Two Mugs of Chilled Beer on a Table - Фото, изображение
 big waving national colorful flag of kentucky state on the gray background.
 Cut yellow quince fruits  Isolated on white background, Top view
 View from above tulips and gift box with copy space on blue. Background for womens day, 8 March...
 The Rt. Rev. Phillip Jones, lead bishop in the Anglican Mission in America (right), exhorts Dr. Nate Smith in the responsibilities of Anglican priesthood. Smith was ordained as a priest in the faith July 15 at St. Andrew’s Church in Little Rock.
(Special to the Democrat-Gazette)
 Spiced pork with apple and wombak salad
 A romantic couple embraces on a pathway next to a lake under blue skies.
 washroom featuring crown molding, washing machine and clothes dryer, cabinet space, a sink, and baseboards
§
Every entry is to be returned exactly, with nothing dropped.

Two Mugs of Chilled Beer on a Table - Фото, изображение
 big waving national colorful flag of kentucky state on the gray background.
 Cut yellow quince fruits  Isolated on white background, Top view
 View from above tulips and gift box with copy space on blue. Background for womens day, 8 March...
 The Rt. Rev. Phillip Jones, lead bishop in the Anglican Mission in America (right), exhorts Dr. Nate Smith in the responsibilities of Anglican priesthood. Smith was ordained as a priest in the faith July 15 at St. Andrew’s Church in Little Rock.
(Special to the Democrat-Gazette)
 Spiced pork with apple and wombak salad
 A romantic couple embraces on a pathway next to a lake under blue skies.
 washroom featuring crown molding, washing machine and clothes dryer, cabinet space, a sink, and baseboards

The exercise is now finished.